● **What you need to do**:
Exact reproduction required: the lines below from the line with "Bill & Coin Dream Drop" to the line with "PHOSAI COOPS & FARM Apartment in Laos", both ends included, and no others.

● **Information**:

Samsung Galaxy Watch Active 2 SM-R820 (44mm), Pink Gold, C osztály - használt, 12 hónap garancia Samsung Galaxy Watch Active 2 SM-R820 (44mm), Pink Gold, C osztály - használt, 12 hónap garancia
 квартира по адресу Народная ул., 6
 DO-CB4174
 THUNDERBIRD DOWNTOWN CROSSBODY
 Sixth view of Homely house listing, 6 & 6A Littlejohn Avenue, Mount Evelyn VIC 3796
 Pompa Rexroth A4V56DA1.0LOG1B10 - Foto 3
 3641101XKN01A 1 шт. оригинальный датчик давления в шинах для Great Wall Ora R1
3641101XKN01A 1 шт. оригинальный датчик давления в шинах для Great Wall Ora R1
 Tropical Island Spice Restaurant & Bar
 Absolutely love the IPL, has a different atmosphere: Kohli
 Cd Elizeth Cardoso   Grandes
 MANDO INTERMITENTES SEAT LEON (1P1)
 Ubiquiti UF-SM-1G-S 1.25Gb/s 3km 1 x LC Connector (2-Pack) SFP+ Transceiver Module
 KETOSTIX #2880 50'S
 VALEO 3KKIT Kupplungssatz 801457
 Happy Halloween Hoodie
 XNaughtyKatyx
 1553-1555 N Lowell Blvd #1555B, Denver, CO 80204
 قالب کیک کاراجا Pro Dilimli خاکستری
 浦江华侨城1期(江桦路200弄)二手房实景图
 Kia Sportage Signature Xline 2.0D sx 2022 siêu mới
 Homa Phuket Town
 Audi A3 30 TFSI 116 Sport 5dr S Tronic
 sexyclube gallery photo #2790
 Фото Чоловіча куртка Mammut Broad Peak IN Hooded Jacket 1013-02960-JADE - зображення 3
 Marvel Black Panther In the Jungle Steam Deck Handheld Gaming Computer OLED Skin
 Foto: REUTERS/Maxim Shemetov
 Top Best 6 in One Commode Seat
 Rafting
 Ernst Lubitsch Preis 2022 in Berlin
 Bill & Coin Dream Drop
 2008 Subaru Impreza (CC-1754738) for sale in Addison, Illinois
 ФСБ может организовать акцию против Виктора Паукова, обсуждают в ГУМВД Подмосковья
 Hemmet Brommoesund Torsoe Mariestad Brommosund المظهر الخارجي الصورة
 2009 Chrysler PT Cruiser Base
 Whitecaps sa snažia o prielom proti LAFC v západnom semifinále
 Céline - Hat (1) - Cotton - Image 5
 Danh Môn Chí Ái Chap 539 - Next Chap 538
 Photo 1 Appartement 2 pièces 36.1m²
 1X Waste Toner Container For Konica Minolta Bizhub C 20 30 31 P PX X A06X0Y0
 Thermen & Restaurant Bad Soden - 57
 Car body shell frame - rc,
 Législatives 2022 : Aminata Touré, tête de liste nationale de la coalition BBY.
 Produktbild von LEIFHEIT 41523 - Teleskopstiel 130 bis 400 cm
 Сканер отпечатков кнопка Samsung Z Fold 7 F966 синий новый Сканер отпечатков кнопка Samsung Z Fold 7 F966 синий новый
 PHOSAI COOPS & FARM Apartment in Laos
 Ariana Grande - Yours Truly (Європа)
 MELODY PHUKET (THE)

● **Written answer**:
 Bill & Coin Dream Drop
 2008 Subaru Impreza (CC-1754738) for sale in Addison, Illinois
 ФСБ может организовать акцию против Виктора Паукова, обсуждают в ГУМВД Подмосковья
 Hemmet Brommoesund Torsoe Mariestad Brommosund المظهر الخارجي الصورة
 2009 Chrysler PT Cruiser Base
 Whitecaps sa snažia o prielom proti LAFC v západnom semifinále
 Céline - Hat (1) - Cotton - Image 5
 Danh Môn Chí Ái Chap 539 - Next Chap 538
 Photo 1 Appartement 2 pièces 36.1m²
 1X Waste Toner Container For Konica Minolta Bizhub C 20 30 31 P PX X A06X0Y0
 Thermen & Restaurant Bad Soden - 57
 Car body shell frame - rc,
 Législatives 2022 : Aminata Touré, tête de liste nationale de la coalition BBY.
 Produktbild von LEIFHEIT 41523 - Teleskopstiel 130 bis 400 cm
 Сканер отпечатков кнопка Samsung Z Fold 7 F966 синий новый Сканер отпечатков кнопка Samsung Z Fold 7 F966 синий новый
 PHOSAI COOPS & FARM Apartment in Laos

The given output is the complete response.